In this article, we briefly described one automated content construction approach we employed to scale our content, specifically to accelerate the association of on-topic knowledge-check quizzes to courses in our platform, so that users can sanity-check their understanding. The analysis of consumption metrics confirmed a good reception of the feature, with success rates as good as 50%, while engaging previously quiz-inactive users.

The scaling advantages come from a more efficient quiz creation process. Previously, when creating a similar knowledge-check quiz, our SMEs needed to either cross-reference our entire question knowledge base with the target course or, if this proved to be too cumbersome, just create new questions from scratch (still quite a time-consuming and inefficient use of potentially valid existing questions).

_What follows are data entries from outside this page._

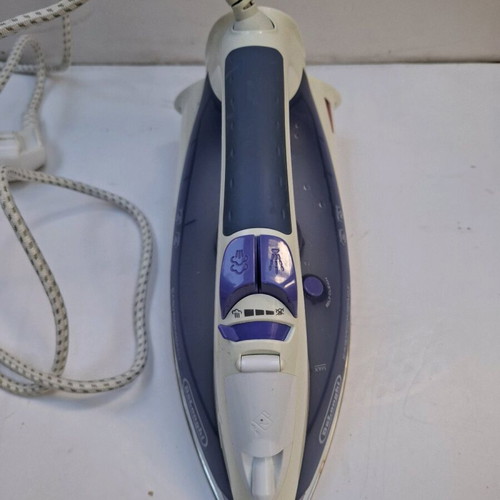 Iron like new in very good condition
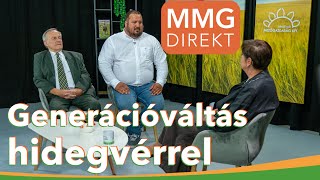 Generációváltás hidegvérrel | A hidegvérűló-tenyésztésről és generációvltásról a Mátyás családdal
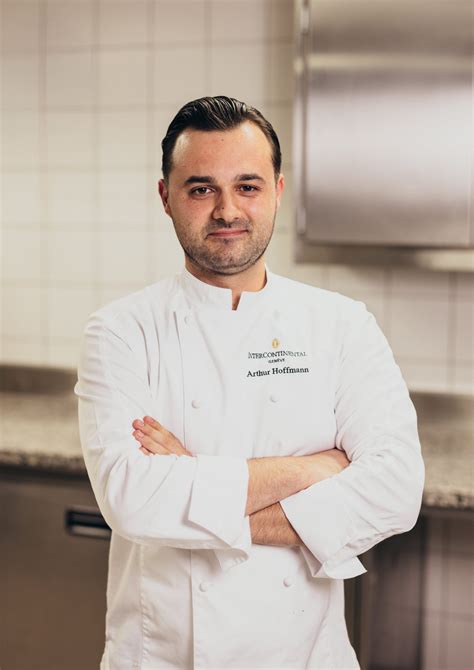 Our Chefs - InterContinental Genève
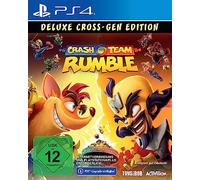 Crash Team Rumble (Deluxe Cross-Gen Edition)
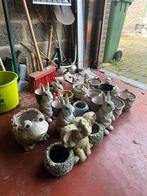 Tuinbeelden, Jardin & Terrasse, Enlèvement, Comme neuf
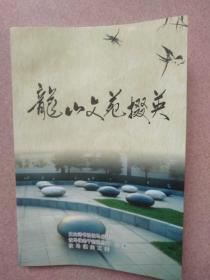 龙山文苑掇英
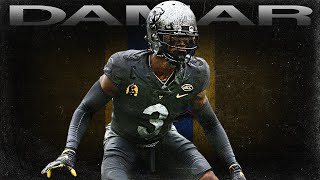 Damar Hamlin 🔥 Top Safety in College Football ᴴᴰ [upl. by Sirad]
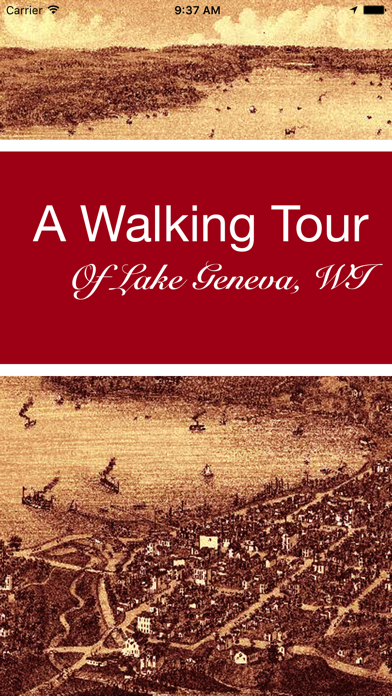 How to cancel & delete Lake Geneva Walking Tour from iphone & ipad 1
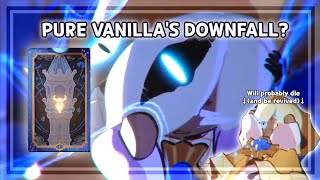 THEORY: PURE VANILLA'S CORRUPTION AND SHADOW MILK'S REAWAKENING?! || Cookie Run Kingdom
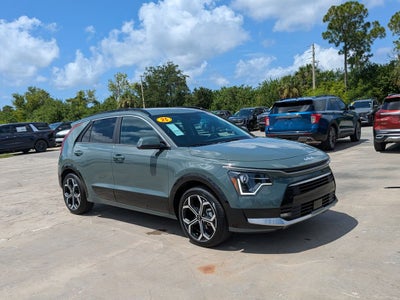 2025 Kia Niro EX Touring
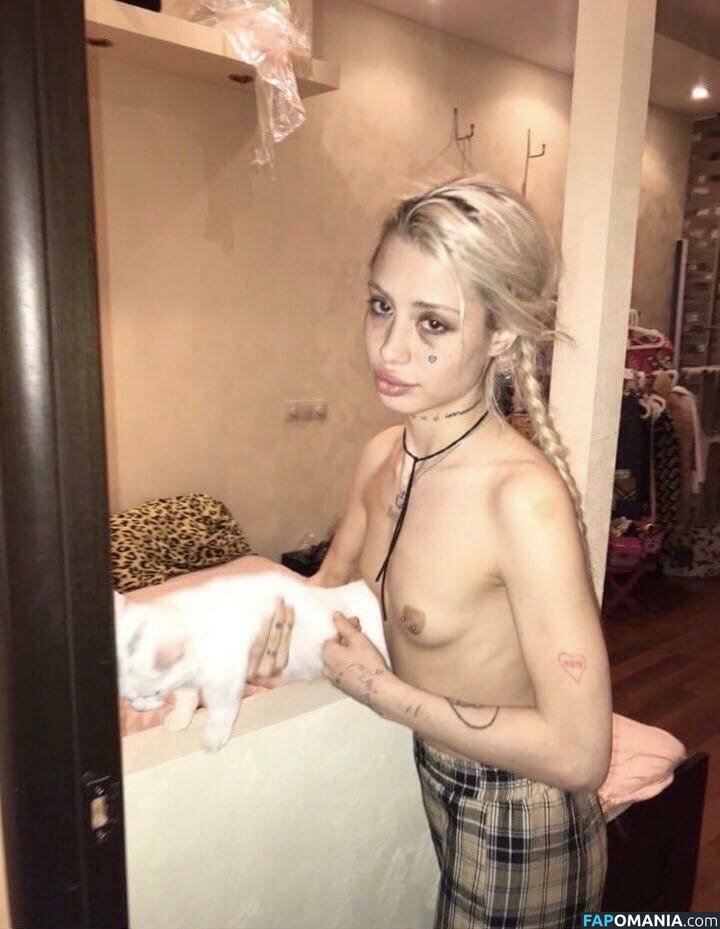 HofMAnnita Nudo Foto trapelata #5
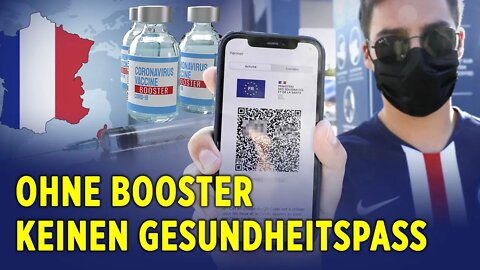 Französische Senatoren gegen Pandemie Maßnahmen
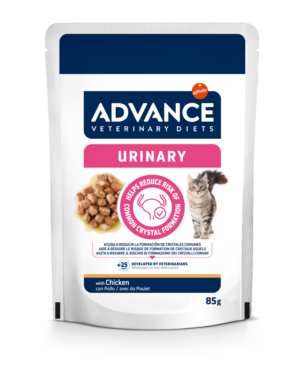 Advance Veterinary Diets Urinary gatto bustina 85 g
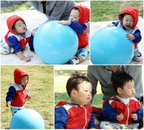 ‘슈퍼맨’ 국민 쌍둥이 서언-서준, 폭풍 성장 놀라워~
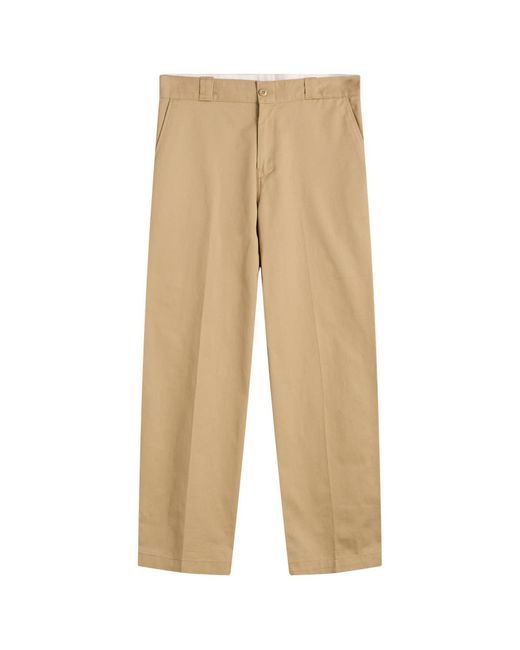 Dickies 247 Work Pants in Natural for Men | Lyst Canada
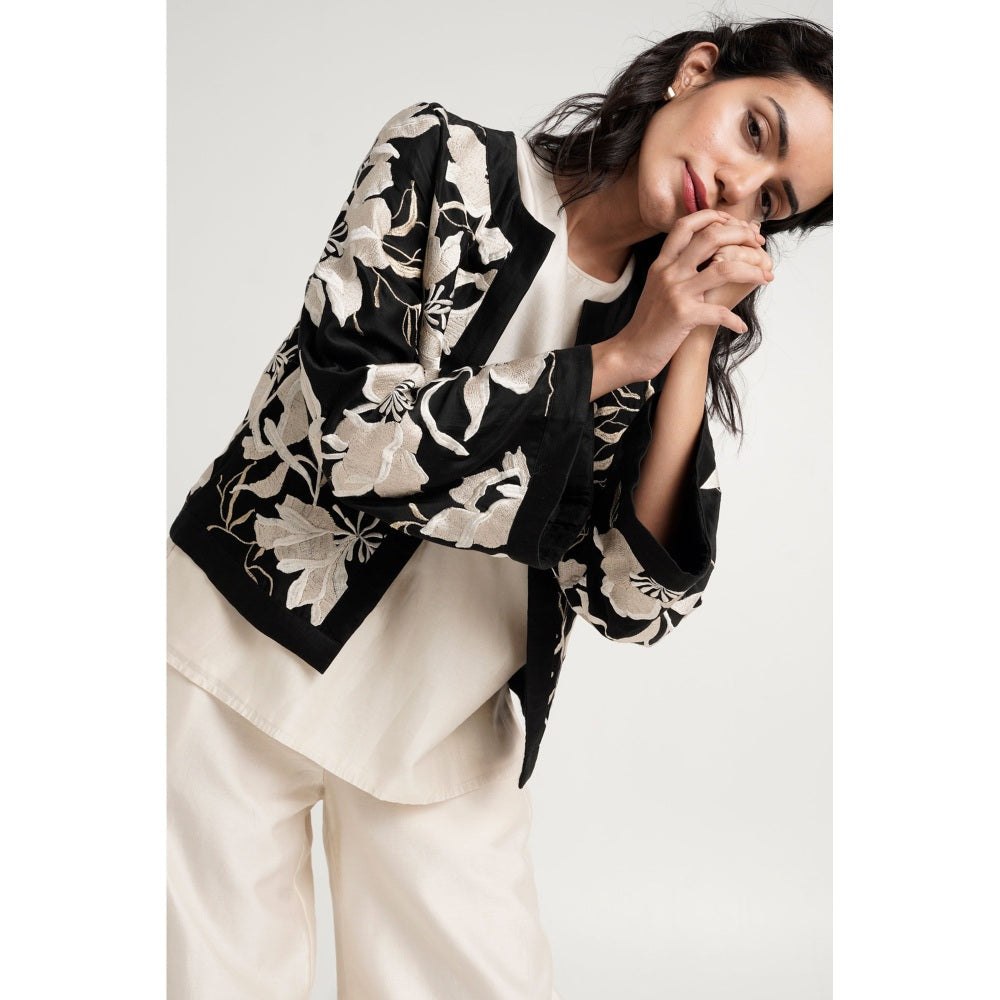 MADDER MUCH Betty Co-Ord - White (Set of 3)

The automated approach now performs the cross-referencing part and allows the SME to just quickly review the proposed quizzes.

To estimate time savings, we compared the old, fully manual approach (that required at least one hour or more of time) versus the new approach that required only 15-30 minutes of time. One interesting note on the objective we optimized against and the related tradeoff: While it’s easy for SMEs to quickly verify that a proposed question is appropriate (just one lecture passage mentioning the answer is enough), the most time-consuming operation is verifying it is not appropriate for a course. As a consequence, we aimed at a high-precision algorithm (i.e., propose a question only when quite confident) instead of a high-recall one, not to lose the time efficiency advantage.